The International Day of Provenance Research has been taking place annually on the second Wednesday in April since 2019. It’s an occasion for various activities ranging from lectures to guided tours of museums, collections, and libraries and on to the publication of scholarly essays in the blog Retour. 8 April of this year saw the mdw participate in this day’s observance for the first time, doing so with a dedicated event and the opening of the permanent exhibition Stolen Melodies – Provenance Research at the ub.mdw in the open stacks of the mdw’ University Library (ub.mdw).
Provenance Research
Provenance research examines the provenance—i.e., the ownership chain—of artworks, cultural property, musical instruments, printed music, other forms of written music, books, and everyday items. Since the reform of Austria’s Art Restitution Act of 2009, such efforts encompass objects stolen not only under National Socialism but also during the Austrofascist period, which began in 1933. The Art Restitution Act obligates federal museums and federally owned collections to engage in provenance research, to which end the Commission for Provenance Research was established. Multiple federal provinces and municipalities have also passed acts and regulations at their own respective levels concerning the restitution of arts-related assets taken from their rightful owners under authoritarian regimes. And Austrian university libraries, for their part, have likewise been conducting provenance research since the turn of the millennium through various working groups and projects.

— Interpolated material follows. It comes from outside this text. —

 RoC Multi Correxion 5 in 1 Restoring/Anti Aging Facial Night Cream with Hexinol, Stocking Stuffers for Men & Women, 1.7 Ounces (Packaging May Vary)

The Robbing of Jewish Citizens in 1938
Researching clues as to items’ provenance entails engaging with former owners’ biographies as well as reconstructing acquisition channels in order to discern what is known as the “provenance chain”. The period following Austria’s annexation by Nazi Germany on 12 March 1938 saw the Jewish population successively deprived of its basis for existence. Due to being banned from their occupations and the attendant loss of all income, many were forced to sell everyday items and valuable property to fund their lives in Austria or flee abroad. Those who attempted to flee frequently stored their property as removal goods—so-called Lifts—with shipping companies. In many cases, these goods remained in storage with the shippers—either because it proved impossible to bring them along into exile or because the owners were deported to concentration and extermination camps, where most of them were murdered. Those who were deported had to leave the lion’s share of their property behind in the “collection camps” and “group apartments” [Sammelwohnungen] where they had initially been forced to move. And from 1940 onward, the Gestapo Office for the Disposal of Jewish Removal Goods (VUGESTA) proceeded to liquidate all of their property to the Reich’s benefit.
Stolen Property at the mdw
Via these various paths, printed editions, sheet music, and musical instruments found their way into the trade in musical items and to instrument workshops and were sold to new owners, hence also becoming part of collections such as that of the present-day ub.mdw. As early as the 2000s, Kathrin Hui-Gregorovič began pursuing initial provenance-related clues in the library’s holdings. In 2012, the ub.mdw went on to establish the mdw’s Working Group on Provenance Research, which is headed by Michael Staudinger. A further impulse for provenance research at the mdw came from the research conducted by the author of this article for the exhibition If These Objects Could Speak. The Resonance of Contemporary History, as part of which the first restitution cases were presented to the public in 2023 and 2024. And since May 2025, a project funded by the mdw Rectorate and curated by the mdw Archive, the Department of Musicology and Performance Studies, and the University Library has been underway to systematically inspect the library’s holdings.
The history of the ub.mdw began on 1 January 1909, when a resolution of Emperor Franz Joseph I effected the state takeover of the Conservatory of the Gesellschaft der Musikfreunde in Vienna and its renaming as the Imperial-Royal Academy of Music and Performing Arts in Vienna. Since the Gesellschaft der Musikfreunde retained its own collection’s extensive and valuable library, the Academy then established a library of its own. The 1933–1945 period saw around 15,000 volumes (overwhelmingly of printed music) entered into the ub.mdw’s inventory books. As was the case at other libraries, many of these volumes were illegally obtained under National Socialist rule. Other such objects arrived at the ub.mdw after 1945 by way of acquisitions on the open market for musical items and books, purchases from antique dealers, and frequently anonymous “donations” as well as bequeathed estates. The inventory books, compiled from 1909 onward, provide information on modes of acquisition and the sellers or donors. Thanks to this valuable source, it is often possible to reconstruct chains of acquisition and custodial history.
A Societal Responsibility
On 8 April 2026, the International Day of Provenance Research was observed with the public presentation of two biographies of former owners of printed music held by the ub.mdw in an event that featured readings from extant letters and documents as well as music performed on the piano. This was followed by the opening of the exhibition Stolen Melodies – Provenance Research at the ub.mdw, which is the first permanent exhibition at an Austrian university library to be devoted to this topic. Its four display cabinets present instances of restitution, the biographies of the former owners, and cases that still require further research.
With this permanent exhibition, the ub.mdw’s provenance research project concerning the Nazi era is planting a flag for memorial work and the obligation to account for the past as part of its historical responsibility to uphold an active culture of remembrance.